René Daumal connaît la nature du rire absurde en sa qualité de pataphysicien et il sait que ce n'est pas drôle. C'est pourquoi on peut en rire tout le temps, avec force et méchanceté, jusqu'à sentir passer sur sa peau « le granuleux hérissement du sublime ».


L'essai consacré à Spinoza (« le non-dualisme de Spinoza ou la dynamite philosophique ») nous aidera à mieux comprendre cette position limite, menaçante comme une crise épileptique. Il suffit de se souvenir que Spinoza a écrit : « L'âme en effet éprouve la Joie lorsqu'elle agit, c'est-à-dire lorsqu'elle connaît, et la Tristesse lorsqu'elle pâtit ». La joie ne doit pas être confondue avec le plaisir. La joie naît dans les souffrances de la connaissance. Elle est absurdement voulue malgré les souffrances mais se révèle savoureuse à un degré extatique que jamais les plaisirs subis ne sauraient égaler. Voilà ce qu'est la joie : la souffrance dans le but de connaître. Ce n'est pas une joie drôle, c'est le rire terrible qui veut faire éclater le scandale : l'humanité a appris le langage pour dissimuler ses angoisses. Oui, le langage ne serait qu'un lénifiant sans valeur, dévitalisé, abandonné aux bavards ensommeillés :


« Et si à nous autres pataphysiciens le rire souvent secoue les membres, c'est le rire terrible devant cette évidence que chaque chose est précisément (et selon quel arbitraire !) telle qu'elle est et non autrement, que je suis sans être tout, que c'est grotesque et que toute existence définie est un scandale. »

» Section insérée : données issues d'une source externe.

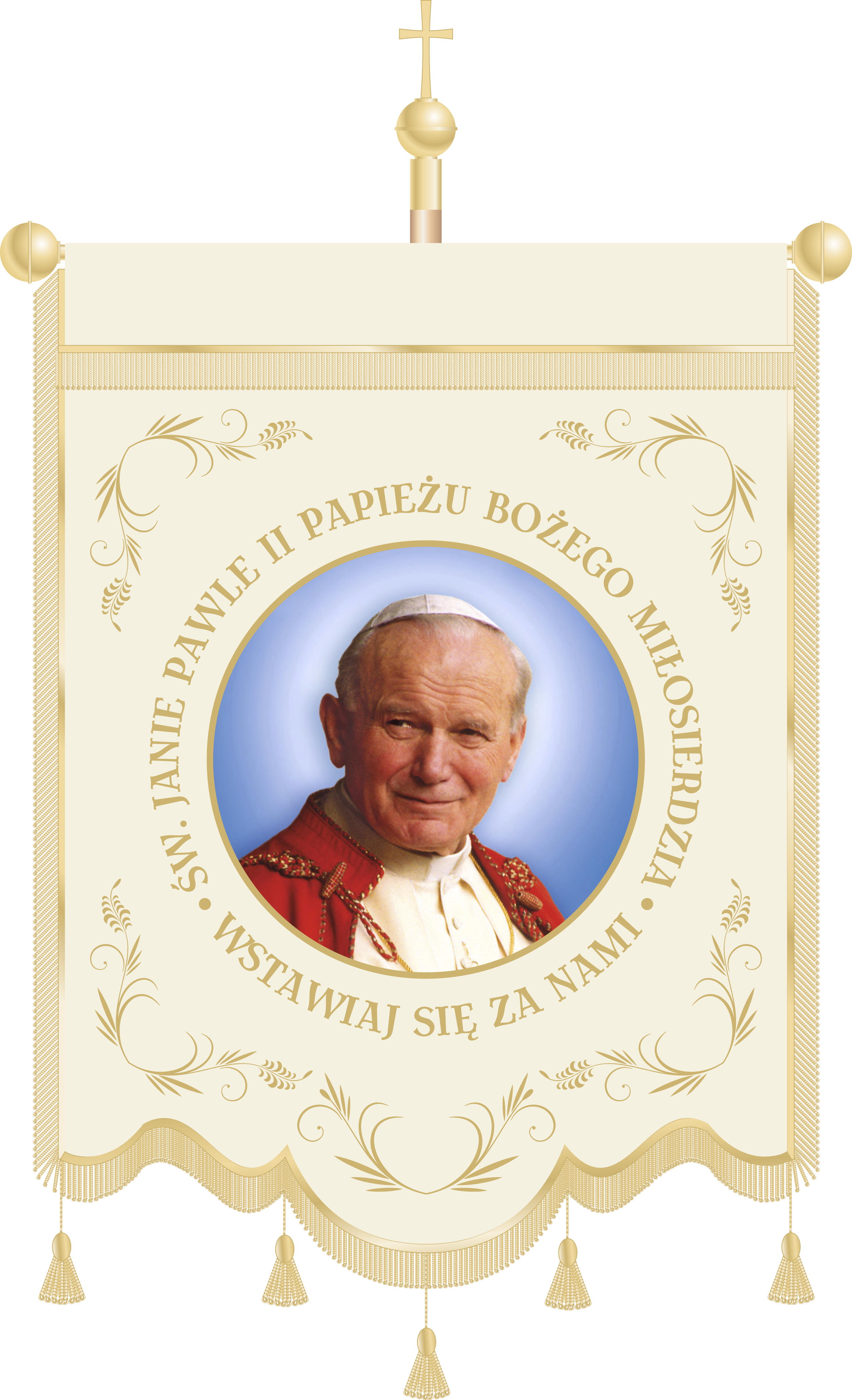 Chorągiew haftowana CHN 004 - Wizerunek Jana Pawła II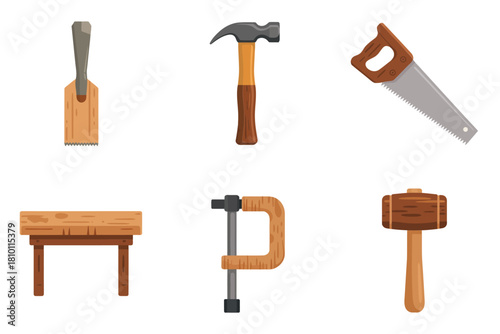 Woodworking equipment icons, bench chisel, claw hammer, saw blade, work table, c clamp, striking mallet, craft studio vector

Lui, René Daumal, joue au « Grand jeu » sans règles et danse avec toute l'énergie flamboyante non de son corps -perdu à ses origines animales- mais de sa poésie, qui devrait être à l'image de ce déchaînement primaire. Forces tribales qui ne représentent pas la sympathique et naïve enfance des civilisations, ainsi qu'ont voulu nous le faire croire certains critiques d'art lorsqu'ils ont découvert les objets nègres, mais la violence sans mots de la vie.


« […] fourrez donc seulement la tête dans cette tête en viande d'arbre et en ficelle, pour voir du point de vue des millénaires ici présents, pour voir du point de vue du bout de bois, du dedans du dedans, du dehors du dehors […]. »


René Daumal donne le tournis et à la fin de la voltige, lumière : quelques réseaux de compréhension se seront retrouvés. La sauvagerie devient véritablement sublime, peuplée de ses arbres tortueux, de ses animaux charognards et de ses peuplades primitives, et nous fait regretter de n'être qu'un animal domestiqué.